Más adelante don Cucho dice que dejó el despacho convencido de que los días de Trujillo estaban contados. Dice: «El imperio más grande del mundo le había retirado su confianza. Era un proscrito sentenciado a muerte».

Algunos creen que el propio Trujillo también estaba convencido de eso. Euclídes Gutiérrez Félix dice: «Es una realidad evidente que para ese momento que relata Virgilio Alvarez Pina en sus memorias, Trujillo estaba convencido que sus días finales estaban contados».

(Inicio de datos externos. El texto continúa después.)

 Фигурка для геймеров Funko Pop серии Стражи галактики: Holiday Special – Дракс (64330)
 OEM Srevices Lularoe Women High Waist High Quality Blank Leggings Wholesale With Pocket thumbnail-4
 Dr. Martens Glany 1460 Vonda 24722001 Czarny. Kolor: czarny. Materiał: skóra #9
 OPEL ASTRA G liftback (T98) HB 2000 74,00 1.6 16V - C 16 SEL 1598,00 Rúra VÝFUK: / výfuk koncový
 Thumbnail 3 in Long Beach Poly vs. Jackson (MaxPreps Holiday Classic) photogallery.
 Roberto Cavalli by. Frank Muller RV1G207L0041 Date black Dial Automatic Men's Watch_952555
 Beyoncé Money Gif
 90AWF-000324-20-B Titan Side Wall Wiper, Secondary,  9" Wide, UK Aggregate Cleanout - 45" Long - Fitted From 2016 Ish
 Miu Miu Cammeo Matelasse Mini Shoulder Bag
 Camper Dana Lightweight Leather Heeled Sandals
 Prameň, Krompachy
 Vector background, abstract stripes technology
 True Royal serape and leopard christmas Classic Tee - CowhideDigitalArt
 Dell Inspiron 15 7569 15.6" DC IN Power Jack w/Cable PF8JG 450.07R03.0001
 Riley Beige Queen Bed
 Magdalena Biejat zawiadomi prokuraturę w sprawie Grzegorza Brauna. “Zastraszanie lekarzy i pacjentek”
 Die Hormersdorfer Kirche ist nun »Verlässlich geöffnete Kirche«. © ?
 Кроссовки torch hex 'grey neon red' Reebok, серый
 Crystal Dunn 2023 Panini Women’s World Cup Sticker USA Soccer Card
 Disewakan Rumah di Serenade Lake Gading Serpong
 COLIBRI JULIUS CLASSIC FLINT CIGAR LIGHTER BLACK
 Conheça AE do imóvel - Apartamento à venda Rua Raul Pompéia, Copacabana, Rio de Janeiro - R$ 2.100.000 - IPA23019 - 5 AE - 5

En enero de 1961, su yerno Luis José León Estévez, le dijo a Trujillo que debía ser el próximo presidente, y éste le contestó: «Lo único que me llama es la tumba». En ese período, Ramfis le pidió que le permitiera ponerle una escolta para sus viajes nocturnos a Fundación. Su respuesta fue: «Cuando no pueda ir solo a Fundación, prefiero la muerte». En otra ocasión, a bordo del yate Angelita en las costas de Barahona, le manifestó a sus amigos Paíno Pichardo y Cucho Álvarez: «Voy a dejarles pronto. Y a una de sus amantes le dijo: «Tal vez sea el de ésta noche nuestro último encuentro».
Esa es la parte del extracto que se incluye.